Having used some of them (in my case WebdriverIO and Selenide) they are great at doing this! I now no longer need to write the foundations for a new framework when joining a new project or company. However, regardless of whether using a lower-level API, or a higher-level one, they are necessary for driving the browser.

What's not necessary, but we typically benefit from if wishing to have strategic automation that scales, is to create abstractions in the language of the application, through something like Page Objects.

If we were to visualize these two sides (what's necessary and what helps writing maintainable test automation), we may have something like this


What's useful to note here is that, typically, on the left, (Technical Facing), we should be looking to leverage solutions that already exist rather than invent our own solutions - it's likely a problem that has already been solved.

It's on the right (Application Facing), where you can develop rich, domain-specific languages, that model your own application and allow for the scalable maintainable automation mentioned earlier.
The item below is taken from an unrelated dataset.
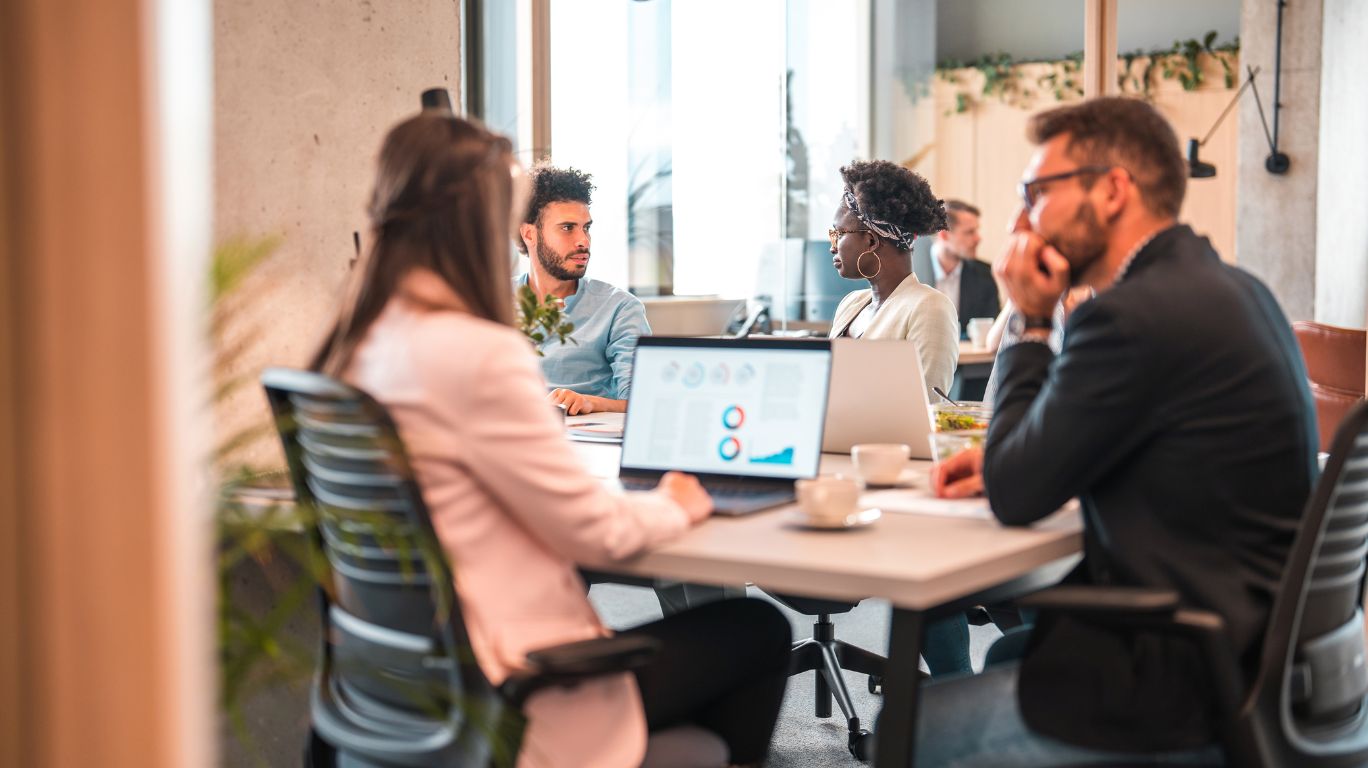 Digital Marketing through Social Media Planning & Analytics: Maximal Customer Engagement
This is the side of test automation that I think people can neglect, particularly if they are still coming to grips with the technical facing side of the automation.

Thankfully, over the last number of years, a number of frameworks and libraries in different languages have been developed that reduce the need to worry about the lower level technical aspects and should free people up to really think about how to model their application and create the abstractions that will make their test automation really work for them.
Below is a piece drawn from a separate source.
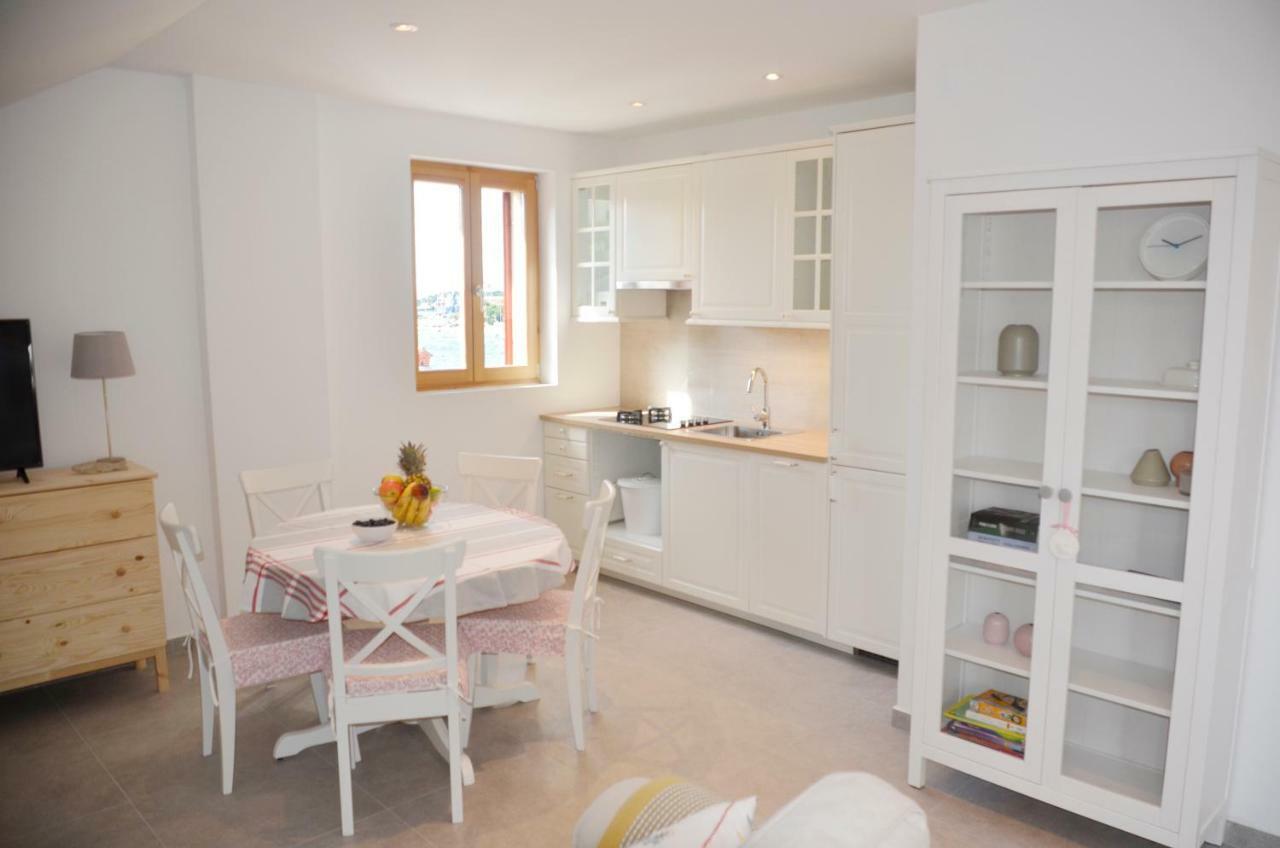 Buga Apartment In Center Of Mali Lošinj Dış mekan fotoğraf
A test automation solution may incorporate more than this though.

  • On the technical side, in addition to what is necessary to drive the browser, we may have extra tooling and abstractions that enhance the framework.
  • On the application side, in addition to abstractions like page objects (that model the UI), we could have extra models for the data and for the domain.


Top Left Quadrant - Necessary, Technical Facing

This is the necessary abstraction for driving the browser. We could write tests without any further abstractions, for example using the direct Webdriver bindings, but that is unlikely to lead to sustainable tests. We could also of course use a framework, such as those mentioned above, that build on top of Webdriver, but I would still consider this to be just the necessary, technical facing abstraction - we have yet to add abstractions relevant to the application under test.

Bottom Left Quadrant - Enhances, Technical Facing

These are the technical-facing abstractions that, while they aren't what directly drives your browser, act as enhancements to a test automation framework. In this space, you typically want to be leveraging existing libraries that provide these capabilities.

Top Right Quadrant - Creates a DSL, Domain Facing

These are the abstractions that people should typically mostly be concerned with - creating classes or functions that encapsulate some repeated behavior and then composing tests out of these. One example of these would be Page Objects, but of course, many others exist (for example, composing Page Objects into Business Objects). The main idea is that you are now in control of deciding how to model your application and create abstractions that will be readable, maintainable, scalable, and meaningful for your colleagues and your future self. This takes practice but will be the difference in making your test automation last in the long term.

Bottom Left Quadrant - Enhances, Domain Facing

Still, in the domain side of the model, we can have abstractions that help us in writing tests but are not directly about modeling the presentation of the application. Patterns that are typically useful here are factories and builders. By using these patterns, it becomes easy to generate domain objects, or the business concepts as code, that then further enhance the readability and maintainability of the test automation.

Final thoughts

Of course, all models are wrong, but do you find drawing the distinctions above useful? Is there anything else you would add?